如果配置文件disabled指定的非*,则最终使能的插件为配置文件enable指定的插件和默认使能的插件的合集
//pkg/sheduler/apis/config/v1beta2/default_plugins.go
// mergePlugins merges the custom set into the given default one, handling disabled sets.
func mergePlugins(defaultPlugins, customPlugins *v1beta2.Plugins) *v1beta2.Plugins {
if customPlugins == nil {
return defaultPlugins
}
defaultPlugins.QueueSort = mergePluginSet(defaultPlugins.QueueSort, customPlugins.QueueSort)
defaultPlugins.PreFilter = mergePluginSet(defaultPlugins.PreFilter, customPlugins.PreFilter)
defaultPlugins.Filter = mergePluginSet(defaultPlugins.Filter, customPlugins.Filter)
defaultPlugins.PostFilter = mergePluginSet(defaultPlugins.PostFilter, customPlugins.PostFilter)
defaultPlugins.PreScore = mergePluginSet(defaultPlugins.PreScore, customPlugins.PreScore)
defaultPlugins.Score = mergePluginSet(defaultPlugins.Score, customPlugins.Score)
defaultPlugins.Reserve = mergePluginSet(defaultPlugins.Reserve, customPlugins.Reserve)
defaultPlugins.Permit = mergePluginSet(defaultPlugins.Permit, customPlugins.Permit)
defaultPlugins.PreBind = mergePluginSet(defaultPlugins.PreBind, customPlugins.PreBind)
defaultPlugins.Bind = mergePluginSet(defaultPlugins.Bind, customPlugins.Bind)

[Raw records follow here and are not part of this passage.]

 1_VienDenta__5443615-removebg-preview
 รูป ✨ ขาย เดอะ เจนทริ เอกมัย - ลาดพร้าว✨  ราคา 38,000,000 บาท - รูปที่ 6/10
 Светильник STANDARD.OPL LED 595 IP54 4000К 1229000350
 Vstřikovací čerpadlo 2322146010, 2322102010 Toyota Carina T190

defaultPlugins.PostBind = mergePluginSet(defaultPlugins.PostBind, customPlugins.PostBind)
return defaultPlugins
}
func mergePluginSet(defaultPluginSet, customPluginSet v1beta2.PluginSet) v1beta2.PluginSet {
disabledPlugins := sets.NewString()
enabledCustomPlugins := make(map[string]pluginIndex)
// replacedPluginIndex is a set of index of plugins, which have replaced the default plugins.

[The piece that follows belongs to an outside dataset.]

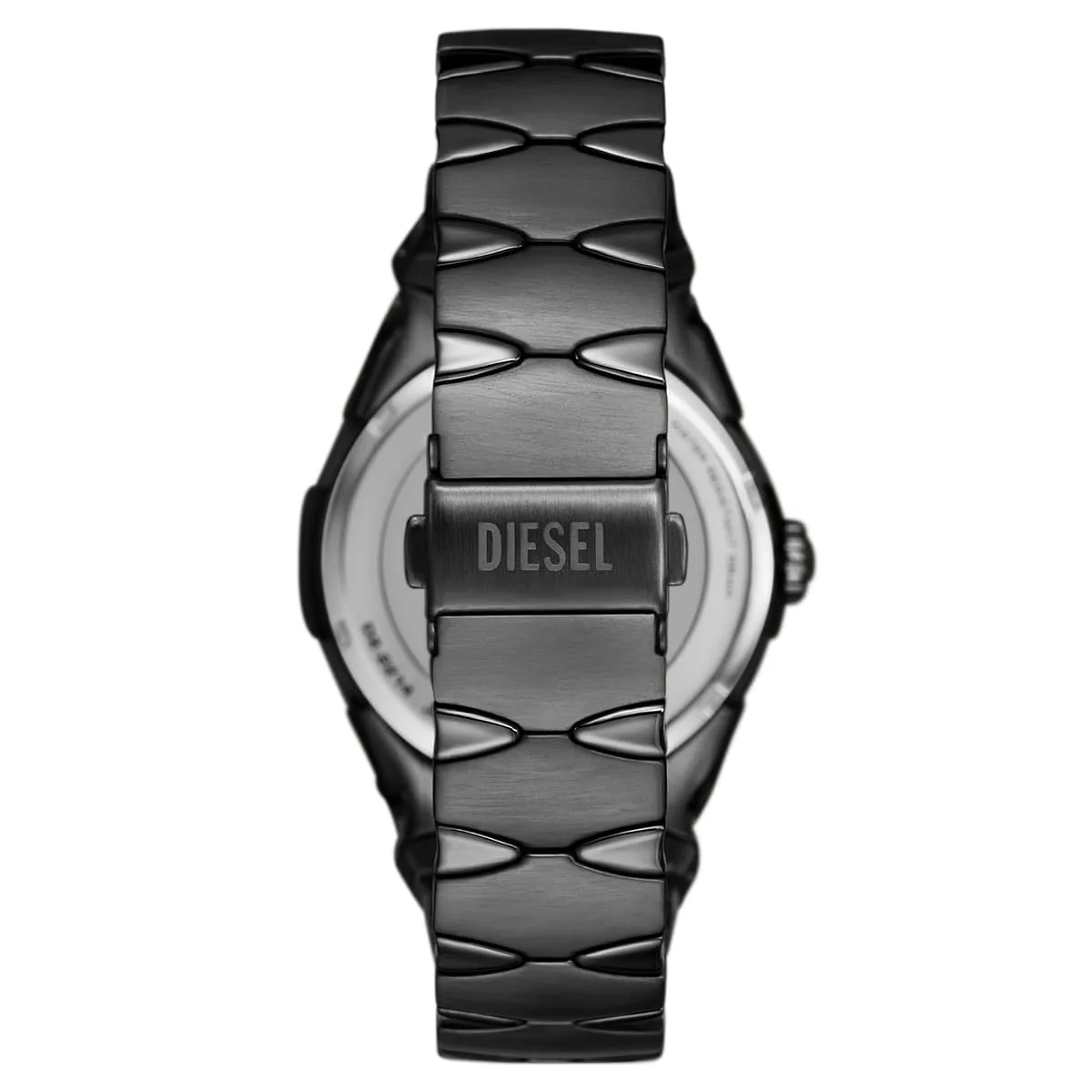 Diesel Erkek Saat DZ2213 4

replacedPluginIndex := sets.NewInt()
for _, disabledPlugin := range customPluginSet.Disabled {
disabledPlugins.Insert(disabledPlugin.Name)
}
for index, enabledPlugin := range customPluginSet.Enabled {
enabledCustomPlugins[enabledPlugin.Name] = pluginIndex{index, enabledPlugin}
}
var enabledPlugins []v1beta2.Plugin
if !disabledPlugins.Has("*") {
for _, defaultEnabledPlugin := range defaultPluginSet.Enabled {
if disabledPlugins.Has(defaultEnabledPlugin.Name) {
continue
}
// The default plugin is explicitly re-configured, update the default plugin accordingly.
if customPlugin, ok := enabledCustomPlugins[defaultEnabledPlugin.Name]; ok {
klog.InfoS("Default plugin is explicitly re-configured; overriding", "plugin", defaultEnabledPlugin.Name)
// Update the default plugin in place to preserve order.
defaultEnabledPlugin = customPlugin.plugin
replacedPluginIndex.Insert(customPlugin.index)
}
enabledPlugins = append(enabledPlugins, defaultEnabledPlugin)
}
}
// Append all the custom plugins which haven't replaced any default plugins.
// Note: duplicated custom plugins will still be appended here.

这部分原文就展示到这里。